The case for gathering and analyzing big data streams is growing. A recent study by the MIT Center for Digital Business found that the more a company characterizes itself as data-driven, the better the company performs in terms of productivity and profitability1. So what is “Big Data?”
To start, we at Performance Architects define “Big Data” as a broad category of data that is of a higher capacity and more unstructured in nature than data typically found in traditional financial reports and IT relational databases. Big Data size and subject matter varies by industry.
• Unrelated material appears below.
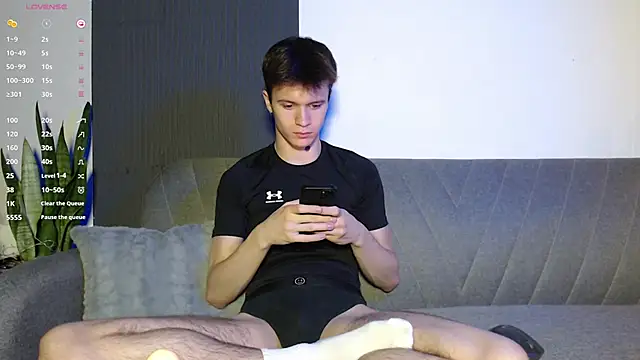 Snapshot of _whitenight_ chatting on December 2024 06:50:01 PM whitenight online show from December 2024 06:50:01 PM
So what characterizes Big Data? There are examples in nearly every industry, but the “3 Vs” of Big Data include:
- Volume: Big Data volumes usually start in the terabytes (1TB = ~1000GB). However, it is not uncommon for companies to process petabytes (1PB = ~1,000,000GB) or more. It is estimated that WalMart collects more than 2.5 PB of data every second from customer transactions2.
- Velocity: Big Data accumulates in organizations at a rapid pace, far more than the traditional data sets. The most often used example of Big Data velocity is mobile-based social media opinions.
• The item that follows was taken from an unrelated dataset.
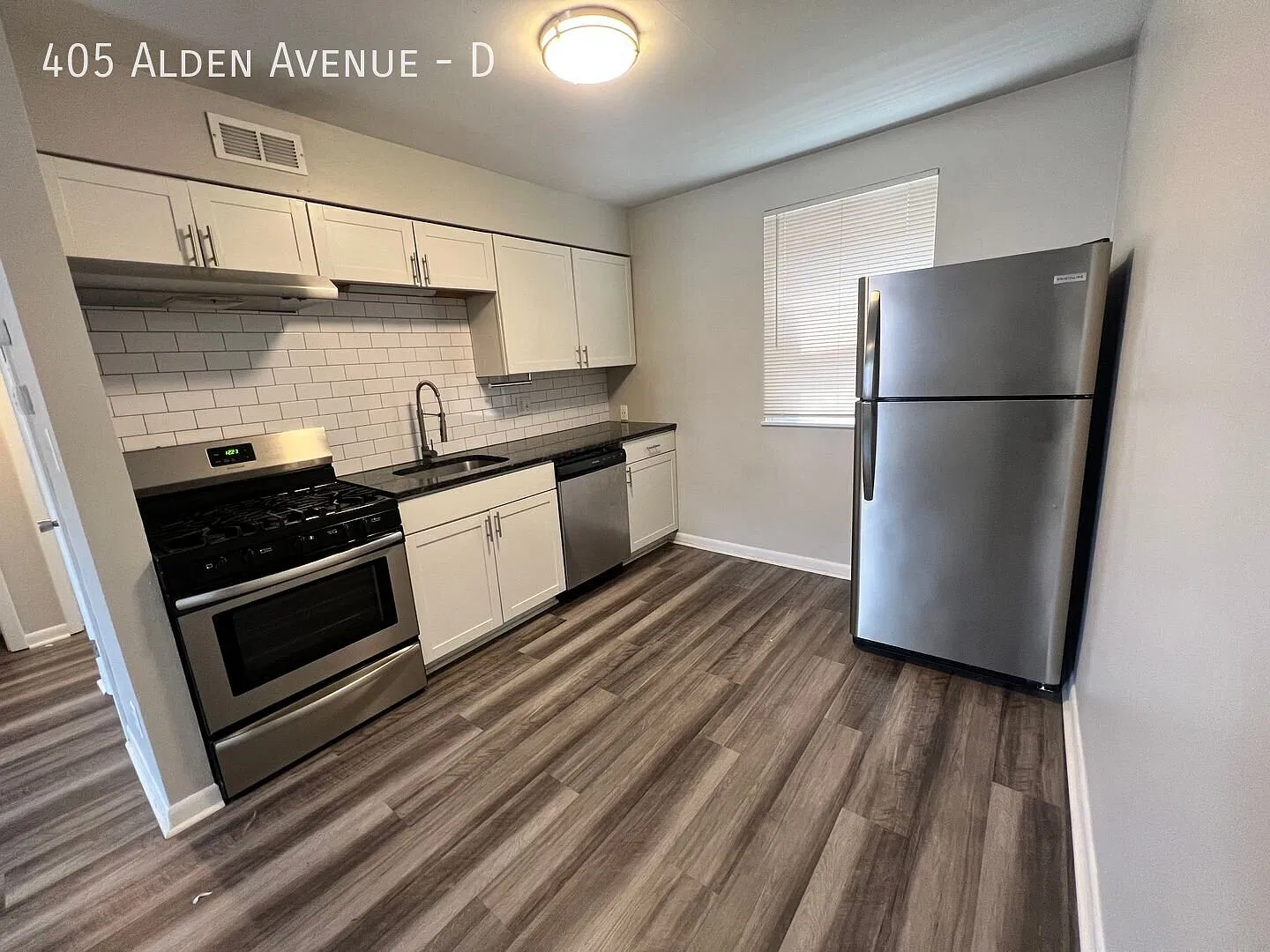 405 Alden Ave — Photo 2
- Variety: Big Data are uniquely varied. Streams like social media and GPS tracking have only been ubiquitous for a few years, and differ greatly from traditional Chart of Account (COA) based views of a business.
So what will adopting Big Data mean for an organization? As with many IT paradigm shifts, adopting Big Data means changes in hardware, software, and expertise. This does not necessarily translate into a multi-year, multi-million dollar investment, however.
In terms of hardware, the new trend is to break the incoming stream into parts and distribute processing onto many smaller scale nodes at once. So, instead of purchasing a few very expensive high end servers, Big Data streams can be processed with clusters of off-the-shelf hardware.
On the software side, many of the offerings out there are open source and in use by some of the most advanced tech companies. Hadoop is one such open source software framework that is in use by firms such as Facebook and Yahoo to process enormous Big Data sets. The Hadoop framework also offers a platform to process streams through MapReduce programs as well as query through tools like Hive.
And finally, processing and interpreting these Big Data sets will require some new skill sets, but these skills should be complimentary to many of those already found in organizations today. Identify those people in your organization who best fit the Data Architect role, and let them experiment with the Hadoop framework to better understand the technology behind Big Data. Interpreting and correlating these data streams is yet another skill set, one that is being defined under the emerging Data Scientist role.
The bottom line is getting started with a Big Data initiative should be thought of in terms of weeks, rather than months or years. Start with the hypothesis that capturing and storing Big Data streams and analyzing these against existing structured and newer unstructured information streams may reveal new insights into your organization.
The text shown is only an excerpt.